The paper says that the three main causes for Ivy-plus admission rates among the 1% are:

"The high-income admissions advantage at private colleges is driven by three factors: (1) preferences for children of alumni, (2) weight placed on non-academic credentials, which tend to be stronger for students applying from private high schools that have affluent student bodies, and (3) recruitment of athletes, who tend to come from higher-income families"

But are these oh-so-important factors what make for successful students? Let's ask the authors.

"Adjusting for the value-added of the colleges that students attend, the three key factors that give children from high-income families an admissions advantage are uncorrelated or negatively correlated with post-college outcomes, whereas SAT/ACT scores and academic credentials are highly predictive of post-college success."
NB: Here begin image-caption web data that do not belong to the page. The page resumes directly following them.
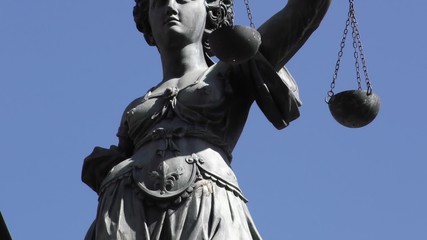 Wall Mural - justice statue in frankfurt germany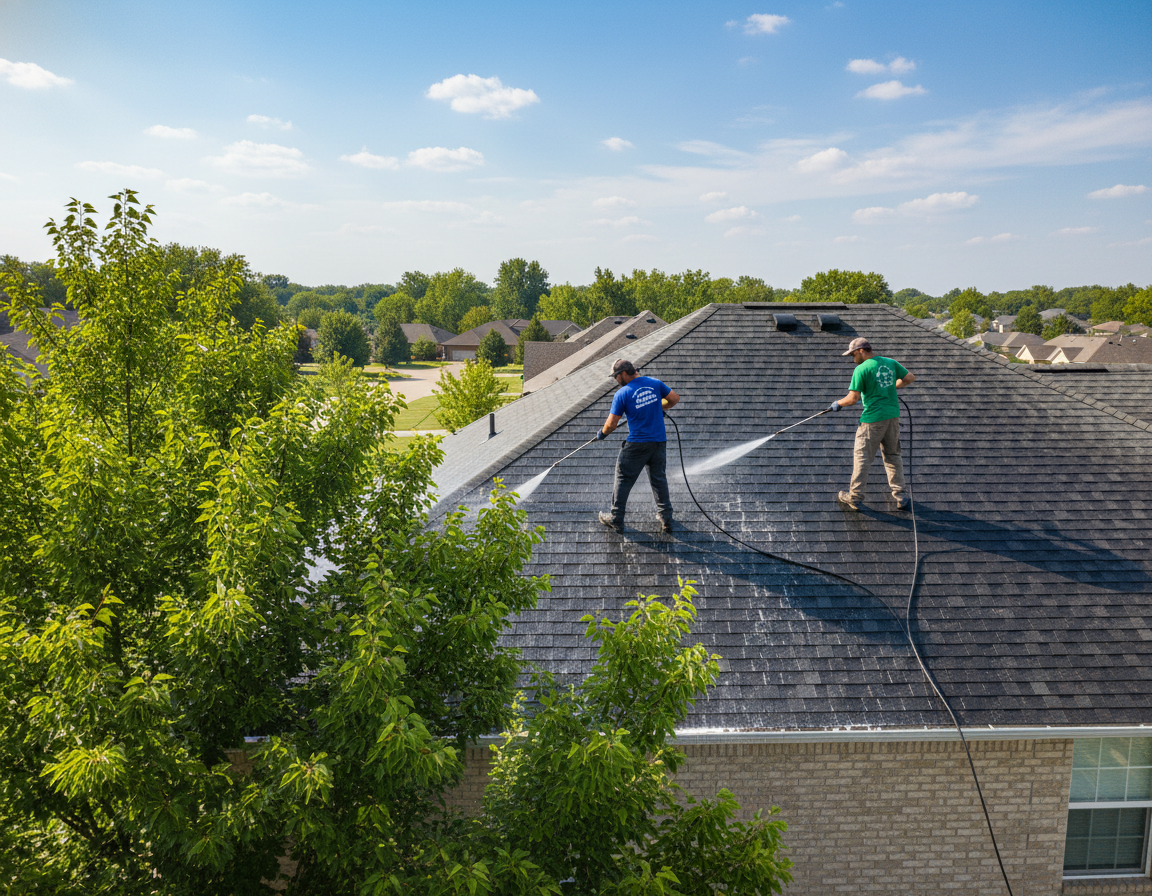Roof Cleaning In Hilliard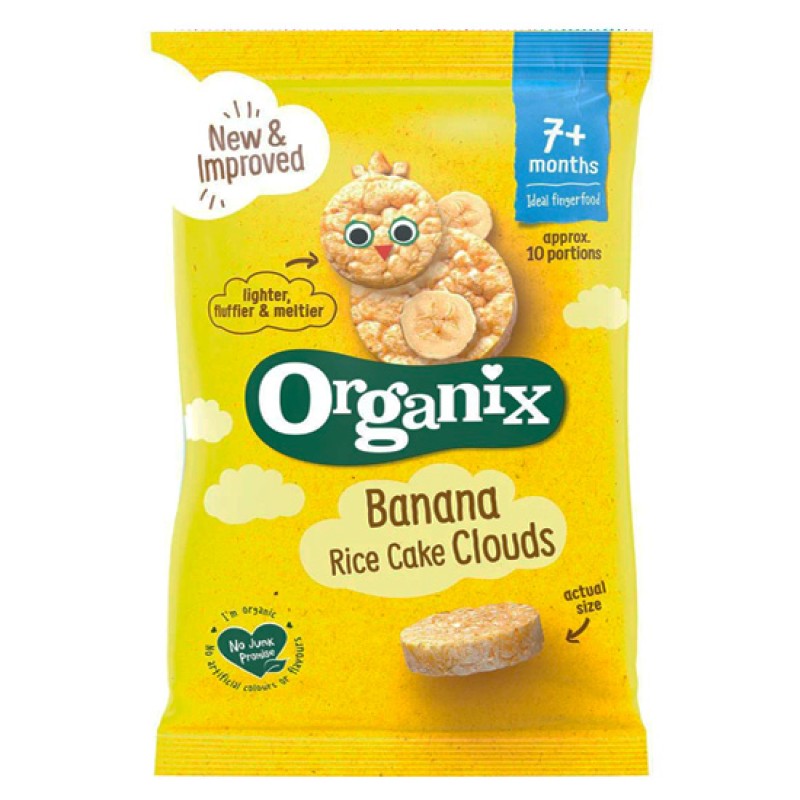 Organic Rice Wafers Clouds with Banana +7 months Organix 40gr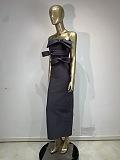 Strapless Bow Bandage Maxi Dress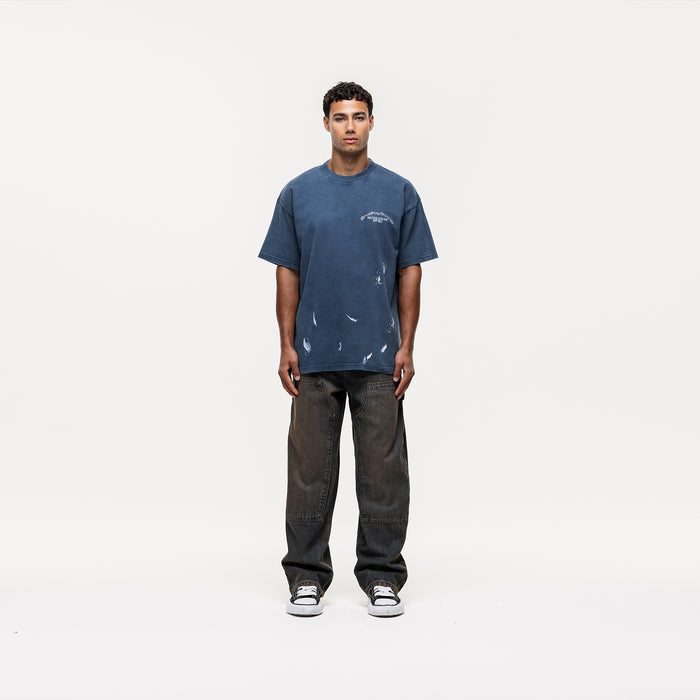 Good For Nothing Abrade Blue Sprayed T-shirt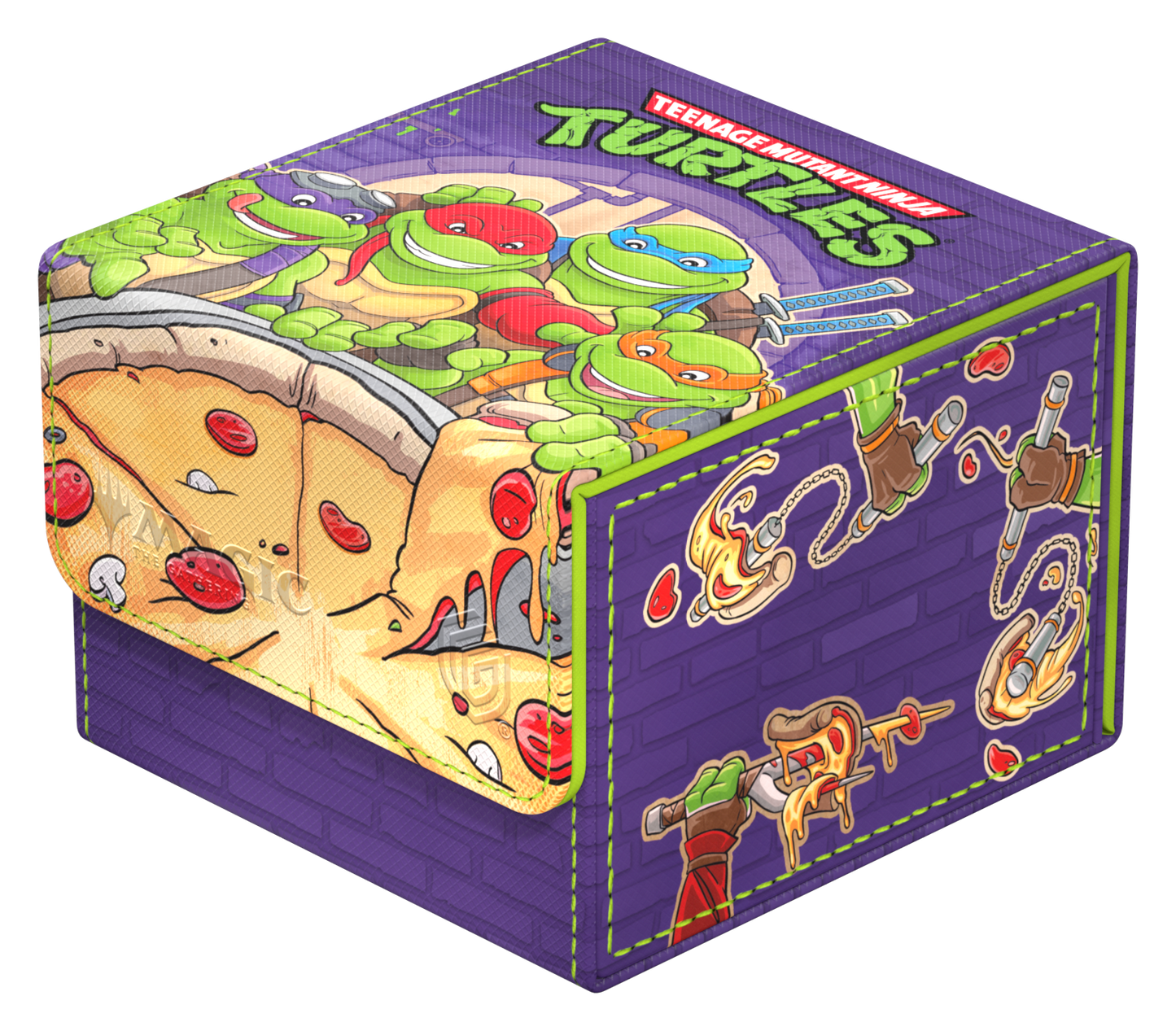 UG Deck Case Sidewinder 133+ Xenoskin MTG TMNT - Pizza Box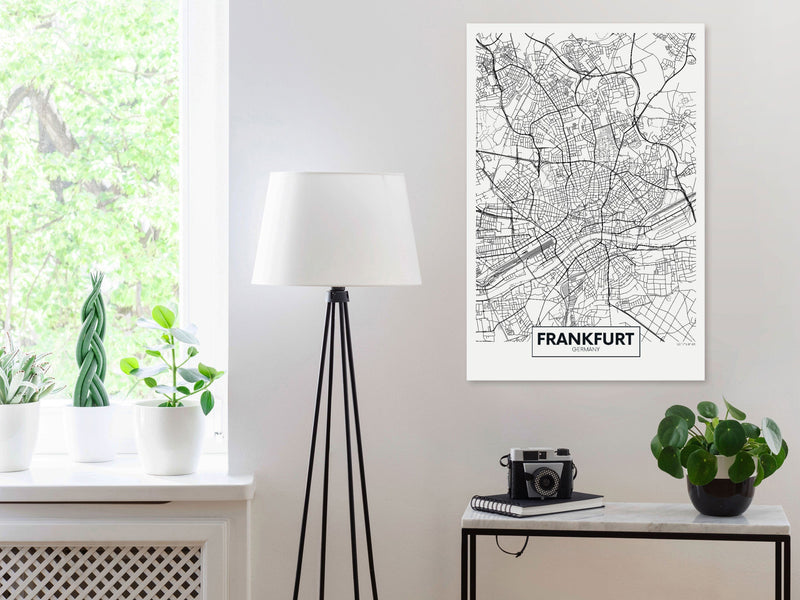 Glezna - Map of Frankfurt (1 Part) Vertical Home Trends
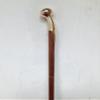 Nautical Designer Walking Stick with Brass Bubba Handle Perfect for Style & Stability Brass and Brass Finish view 3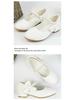 Elegant Girls' White Leather Princess Dance Shoes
Hm. I guess you'll need a new excuse.

It’s even simpler than how you’re putting it. Gini coefficient has risen since 1980 and freshman class quality by objective measures like incoming grades and test scores is declining since 1993. It is really improbable that being rich helps you in college - in fact you don’t need to have a study at all to know that the opposite is very probably true. But people like the guy you’re replying to are so hung up on first principles thinking like “increasing selectivity means greater quality.” He thinks that’s axiomatic, when you need to conduct a pretty serious study to measure quality.

This study was good because it shows how being rich improves your admissions chances. Probably, increasing numbers of richer students have been causing class quality to DECLINE, not improve, and if it weren’t for donations funding research, the universities are actually WORSE off with the children of the merely richest Americans. This aligns with my experience at such universities, over many years, both as a student and an educator.